Soffermiamoci su un fenomeno che incuriosisce moltissime persone e che spesso genera domande e qualche perplessità: i cosiddetti “diamantini del vino”.

Può capitare, stappando una bottiglia, di notare piccoli cristalli sul tappo, sul fondo o lungo le pareti del vetro: a prima vista sembrano minuscole schegge di vetro o granelli di zucchero cristallizzato, in realtà sono cristalli di bitartrato di potassio, noti anche come cristalli tartarici.

L’acido tartarico è una sostanza naturalmente presente nell’uva e quindi nel vino che, durante la fermentazione, reagisce con il potassio formando un sale che, in determinate condizioni, può trasformarsi in cristalli solidi.

Questo avviene soprattutto quando il vino è esposto a basse temperature: il freddo riduce la solubilità di questi sali e ne favorisce la precipitazione.

Il fenomeno può verificarsi spontaneamente, ad esempio nelle cantine durante l’inverno, oppure essere indotto volontariamente dal produttore attraverso la cosiddetta stabilizzazione a freddo; In questo caso il vino viene portato a temperature molto basse prima dell’imbottigliamento, così da far precipitare i cristalli in anticipo ed eliminarli, evitando che si formino successivamente nella bottiglia.
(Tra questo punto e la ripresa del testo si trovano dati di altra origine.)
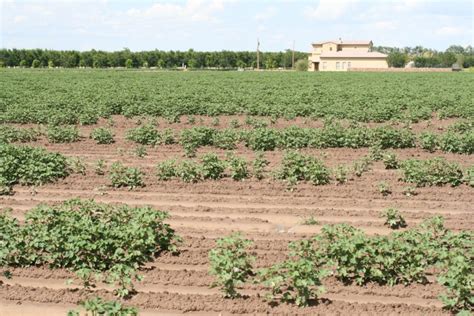 Limiting The Spread Of Fusarium Wilt Race 4 A New Disease Of Cotton In Texas Texas Row Crops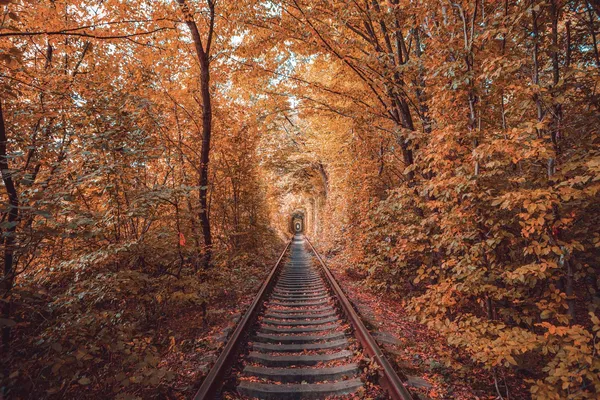 Enchanted_Autumn_Pathway_Wallpaper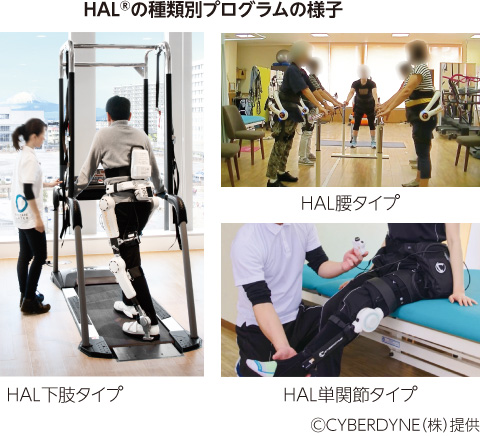 HALの種類別プログラムの様子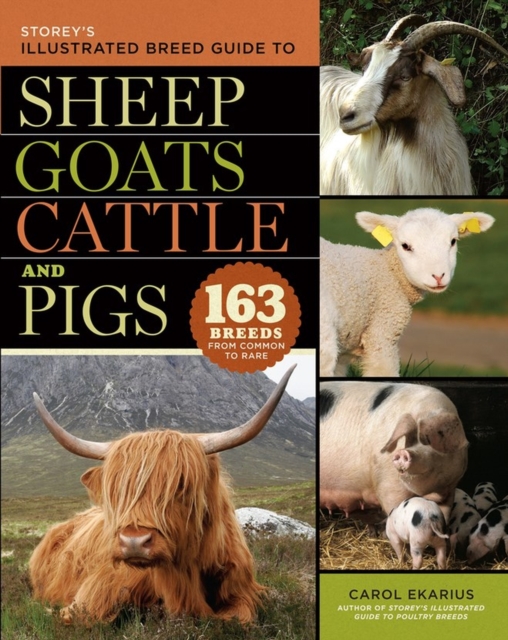 Storey's Illustrated Breed Guide to Sheep, Goats, Cattle and Pigs : 163 Breeds from Common to Rare, Paperback / softback Book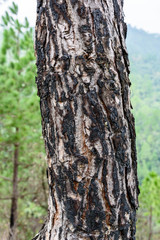 Obraz premium tree Bark Block , Tree Texture 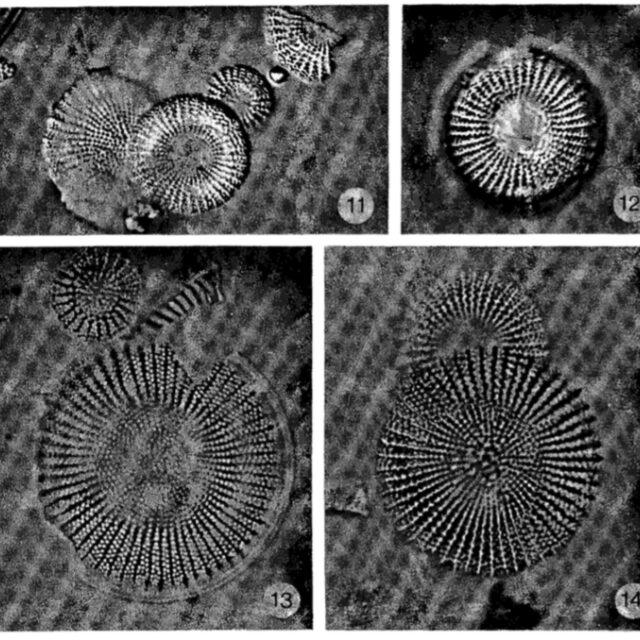 Stephanodiscus Medius Originalimage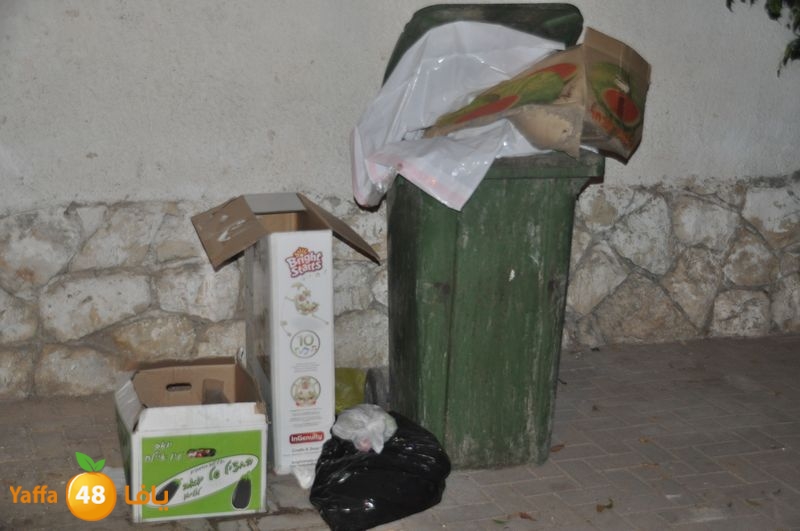 trash lud 907 (57).JPG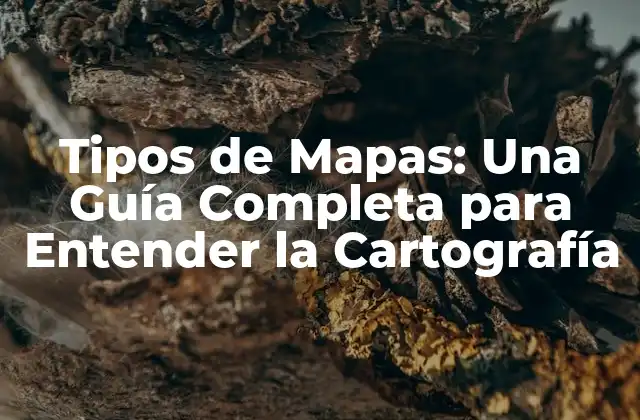 Tipos de Mapas: una Guía Completa para Entender la Cartografía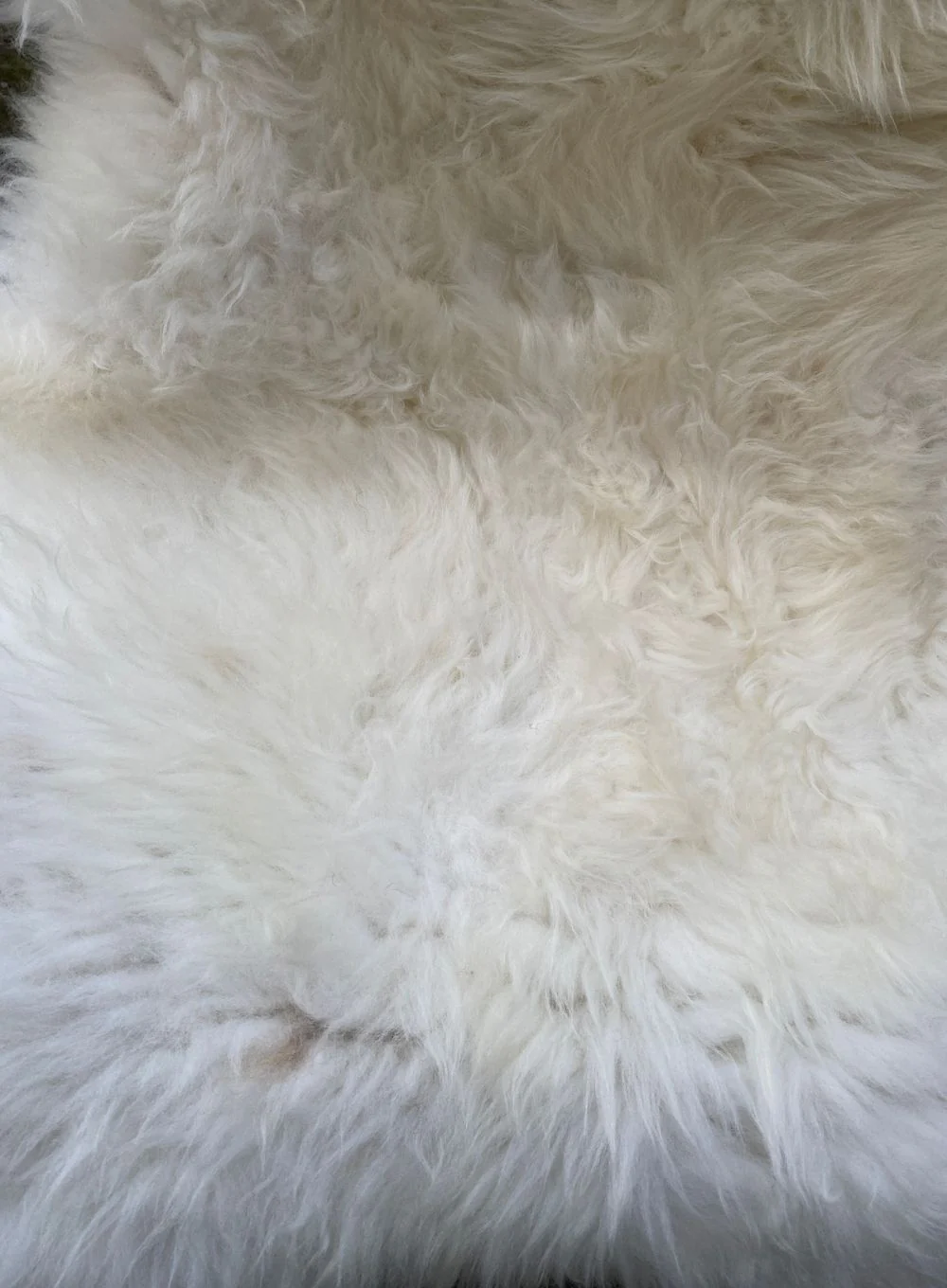 Holburn Natural Cream British Sheepskin Rug - Image 4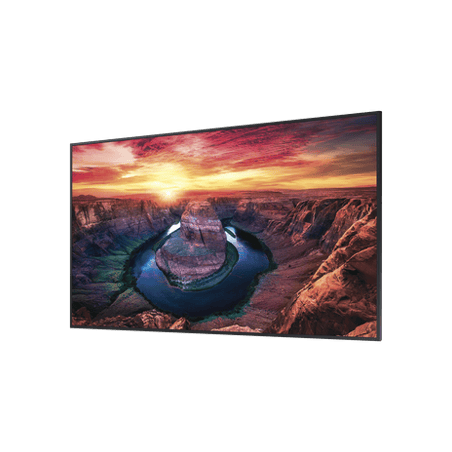 Pantalla Profesional LED de 43, UHD 4K (3840x2160p), Entradas de Video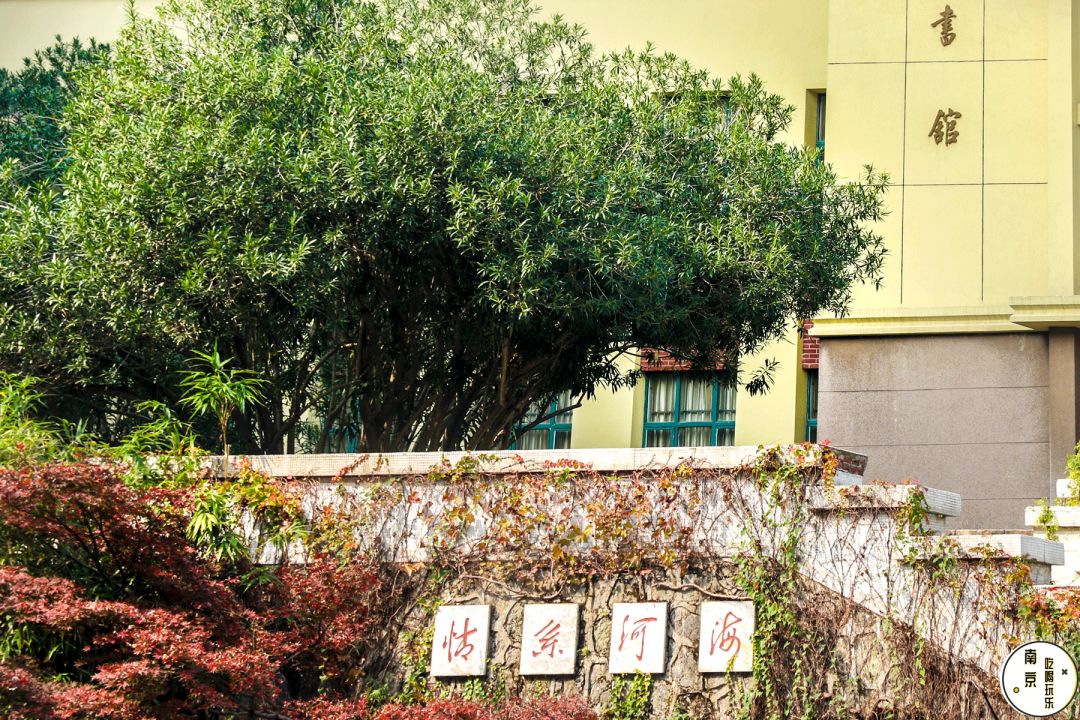 河海大学，美不哭你算我输！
Quando questa stabilizzazione non viene effettuata – o quando il vino presenta naturalmente una concentrazione più elevata di acido tartarico e potassio – i cristalli possono comparire nel tempo, li si può trovare sul fondo della bottiglia, aderenti alle pareti, all’interno delle botti o, nella situazione più suggestiva, attaccati al tappo appena estratto, dove brillano come piccoli diamantini.

Dal punto di vista qualitativo non si tratta di un difetto, i cristalli non alterano né il gusto né gli aromi del vino, si tratta semplicemente di una reazione naturale che è indice di interventi poco invasivi e di lavorazioni rispettose della materia prima.

Se ci si imbatte in una bottiglia con questi depositi, non c’è motivo di preoccuparsi, è sufficiente versare il vino con attenzionelasciando gli eventuali residui sul fondo, oppure procedere con una delicata decantazione per separare la parte liquida da quella solida; In alternativa, si può semplicemente accettarne presenza e degustare il vino senza timori.

In definitiva, questi “diamantini” non sono altro che una espressione della chimica naturale del vino; Possono sorprendere chi non li ha mai visti prima ma,  più che un difetto, raccontano un processo autentico e spontaneo, sono la testimonianza silenziosa di ciò che accade nel vino quando viene lasciato esprimersi senza interventi eccessivamente correttivi.